• [The problem] Transcribe each line of the records below exactly, excluding any embedded images.

===== Data extract

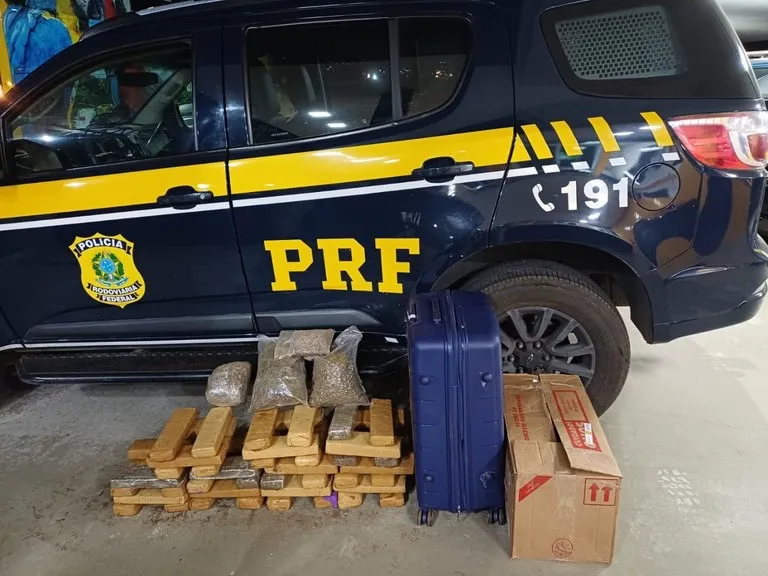 PRF apreende quase 110 kg de maconha em Vitória da Conquista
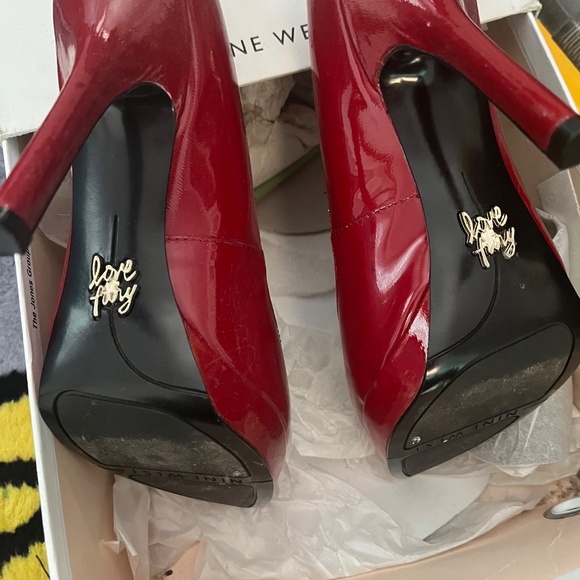 Nine West Red Shoes- 5” heel - Picture 4 of 5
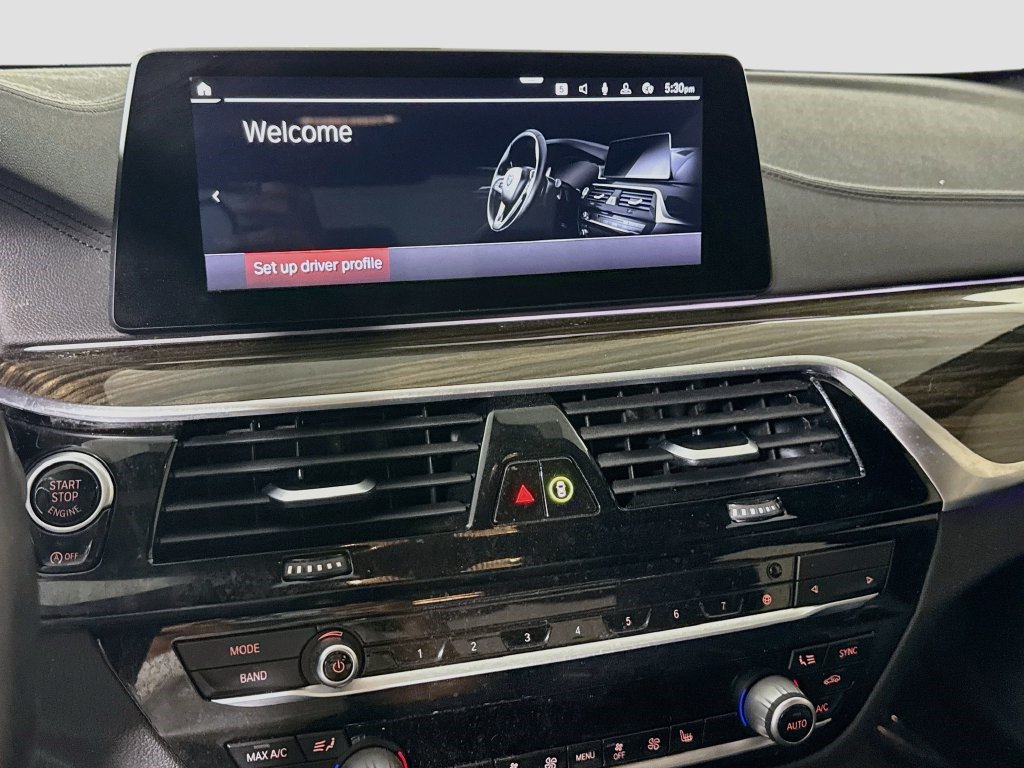 Used 2020 BMW M550i xDrive AWD/4WD image 17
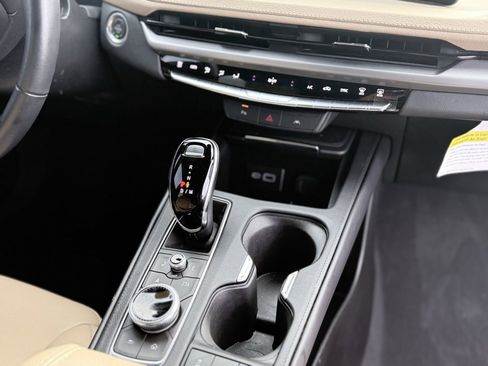 Used 2024 Cadillac XT4 Luxury image 27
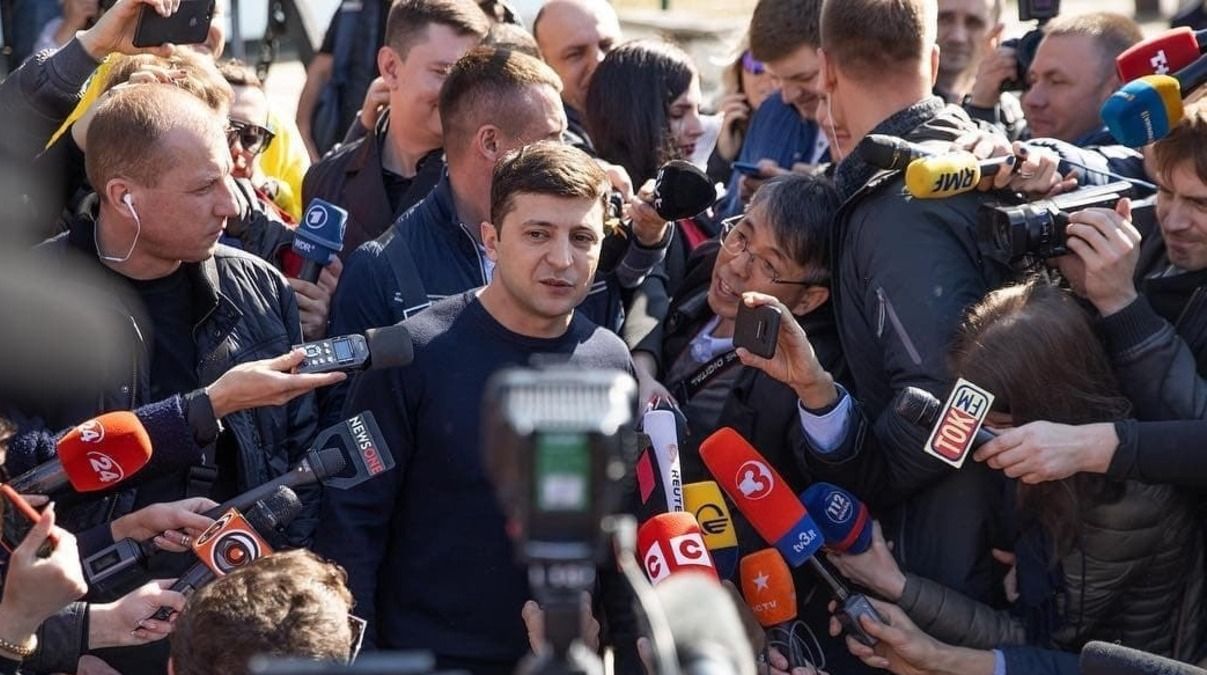Зеленский отреагировал на провокацию ФСБ об украинском корабле в Керченском проливе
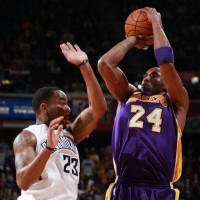 Bekuk Kings, Lakers Kunci Posisi Dua Wilayah Barat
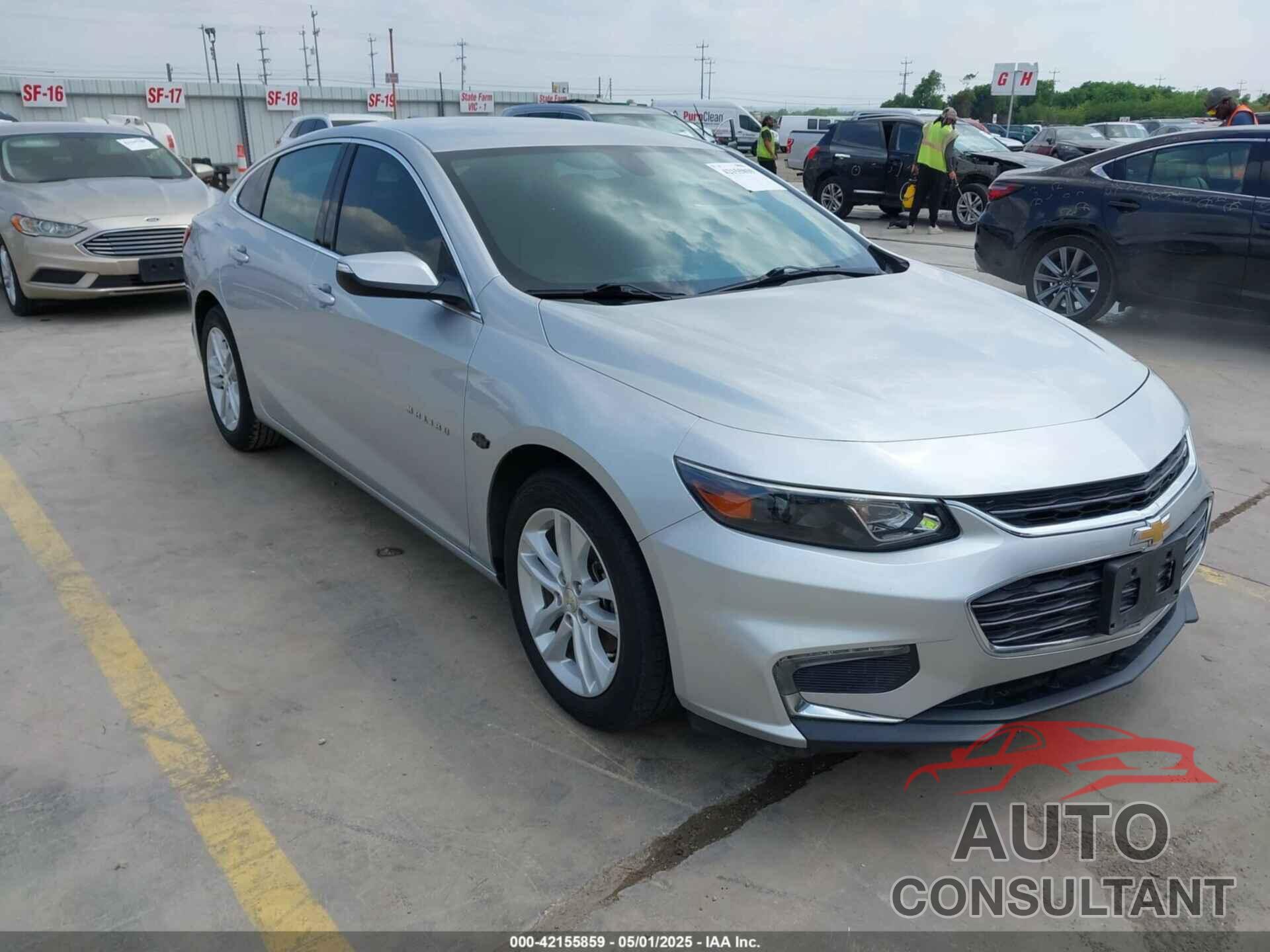CHEVROLET MALIBU 2017 - 1G1ZE5ST3HF254333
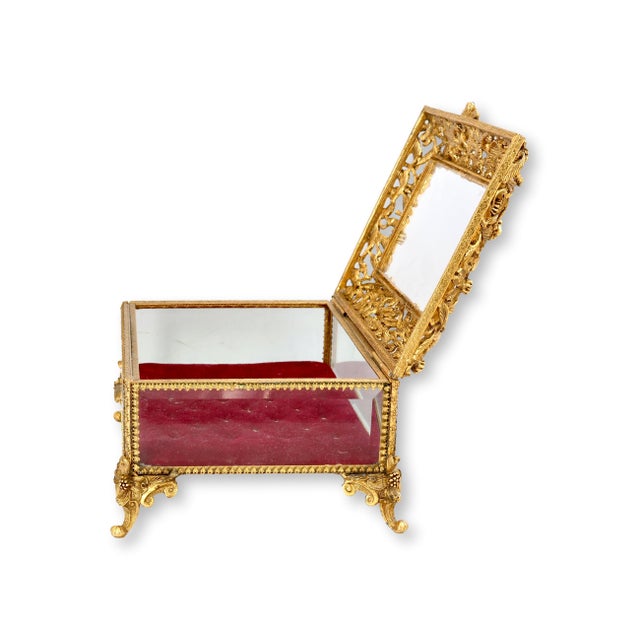 Mid 20th Century Exceptional Midecntury Matson Ormolu Jewelry Box For Sale - Image 5 of 7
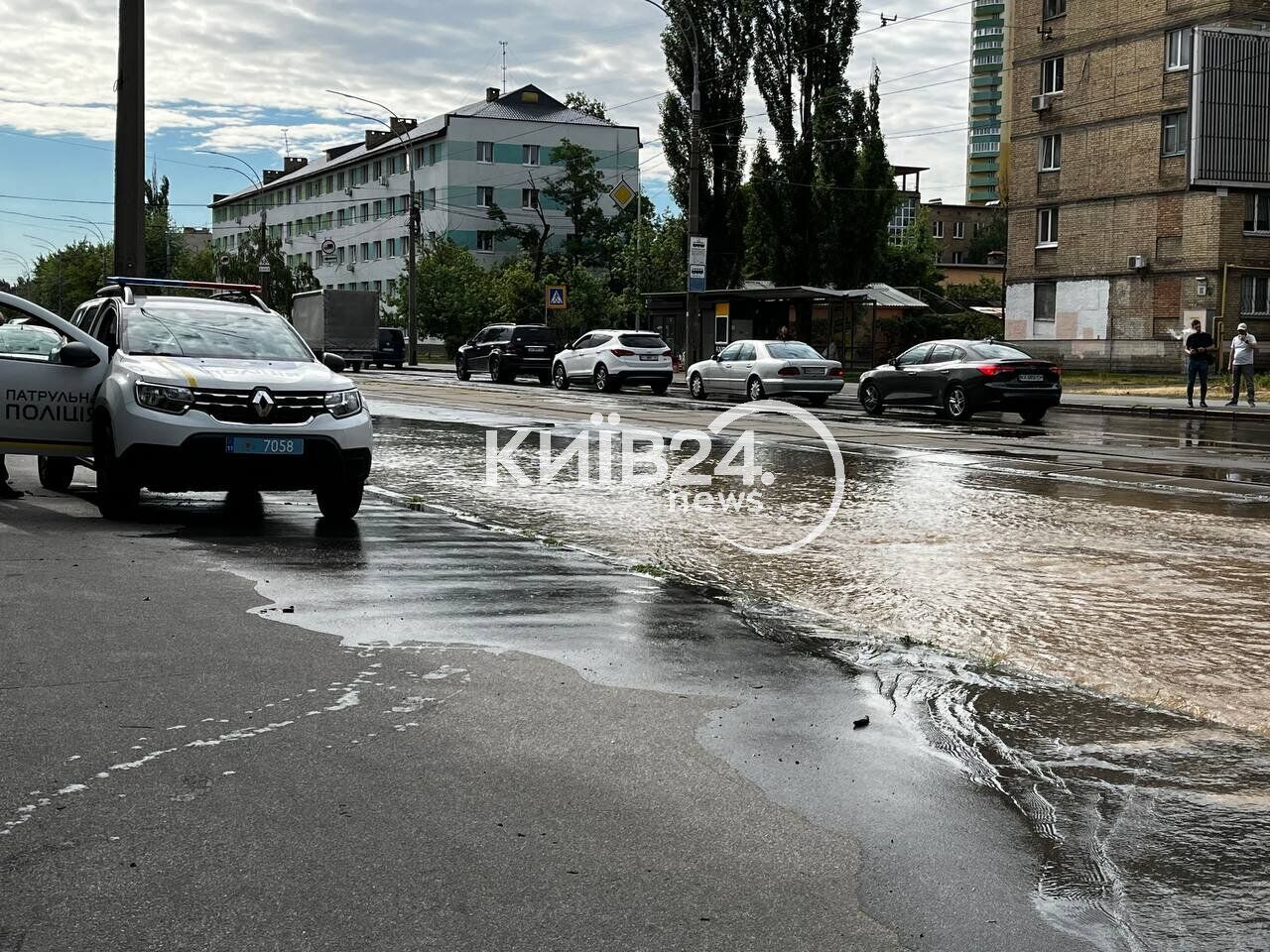 Без воды остались жилые дома: в Киеве прорвало трубу на улице Пражской. Фото и видео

==========

• [Task result]
 PRF apreende quase 110 kg de maconha em Vitória da Conquista
 Nine West Red Shoes- 5” heel - Picture 4 of 5
 Used 2020 BMW M550i xDrive AWD/4WD image 17
 Used 2024 Cadillac XT4 Luxury image 27
Зеленский отреагировал на провокацию ФСБ об украинском корабле в Керченском проливе
 Bekuk Kings, Lakers Kunci Posisi Dua Wilayah Barat
CHEVROLET MALIBU 2017 - 1G1ZE5ST3HF254333
 Mid 20th Century Exceptional Midecntury Matson Ormolu Jewelry Box For Sale - Image 5 of 7
 Без воды остались жилые дома: в Киеве прорвало трубу на улице Пражской. Фото и видео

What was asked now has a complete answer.